Work instructions: Only the pictures are to be dropped, and the rest of the data should be copied exactly.

Data section:
• • •
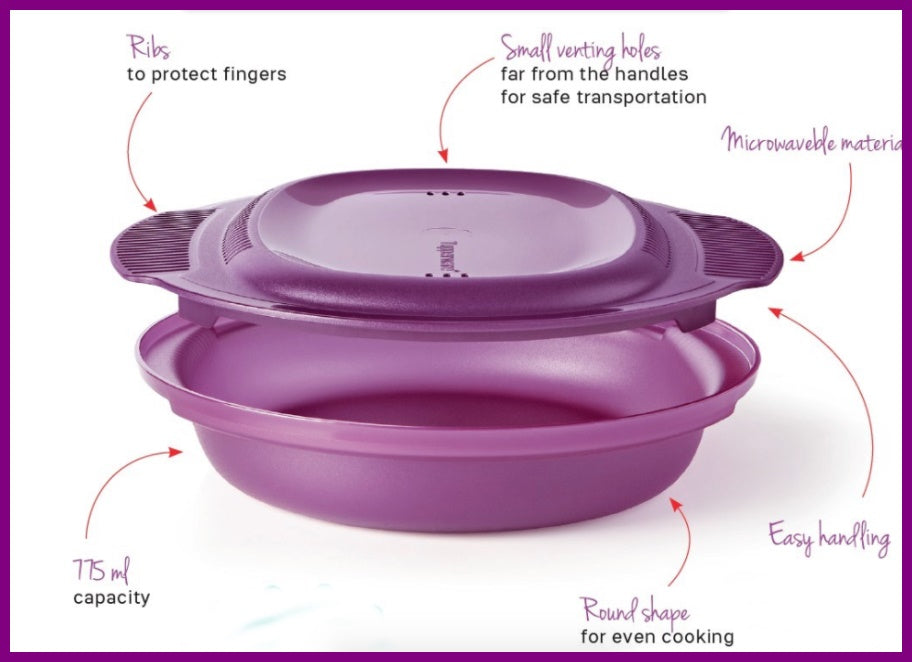 Tupperware Microwave LARGE 3-QT Round PASTA Maker / Cooker in RHUBARB Plastic Glass and Wax ~ PGW Tupperware Microwave LARGE 3-QT Round PASTA Maker / Cooker in RHUBARB Plastic Glass and Wax ~ PGW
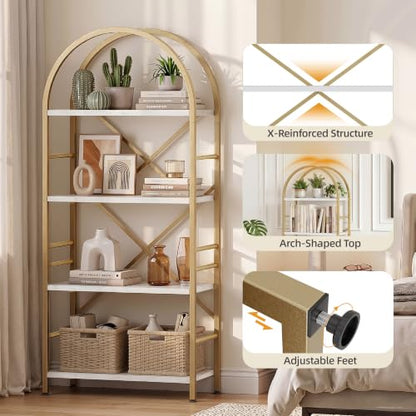 Vongrasig Industrial Arched Bookshelf, 4 Tier Open Bookcase | Sturdy Wood and Metal Display Standing Shelf for Home Office, Living Room, Bedroom, White Gold - color: White Gold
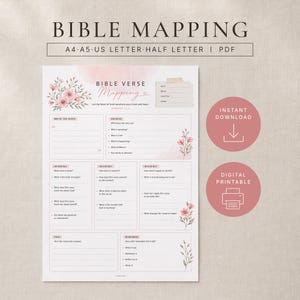 May include: A digital Bible mapping worksheet featuring pink floral illustrations, sections for verse, observation, interpretation, and prayer, with text including BIBLE MAPPING, A4, A5, US LETTER, HALF LETTER, PDF, INSTANT DOWNLOAD, and DIGITAL PRINTABLE.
• • •
Exercise solution:
 Tupperware Microwave LARGE 3-QT Round PASTA Maker / Cooker in RHUBARB Plastic Glass and Wax ~ PGW Tupperware Microwave LARGE 3-QT Round PASTA Maker / Cooker in RHUBARB Plastic Glass and Wax ~ PGW
 Vongrasig Industrial Arched Bookshelf, 4 Tier Open Bookcase | Sturdy Wood and Metal Display Standing Shelf for Home Office, Living Room, Bedroom, White Gold - color: White Gold
 May include: A digital Bible mapping worksheet featuring pink floral illustrations, sections for verse, observation, interpretation, and prayer, with text including BIBLE MAPPING, A4, A5, US LETTER, HALF LETTER, PDF, INSTANT DOWNLOAD, and DIGITAL PRINTABLE.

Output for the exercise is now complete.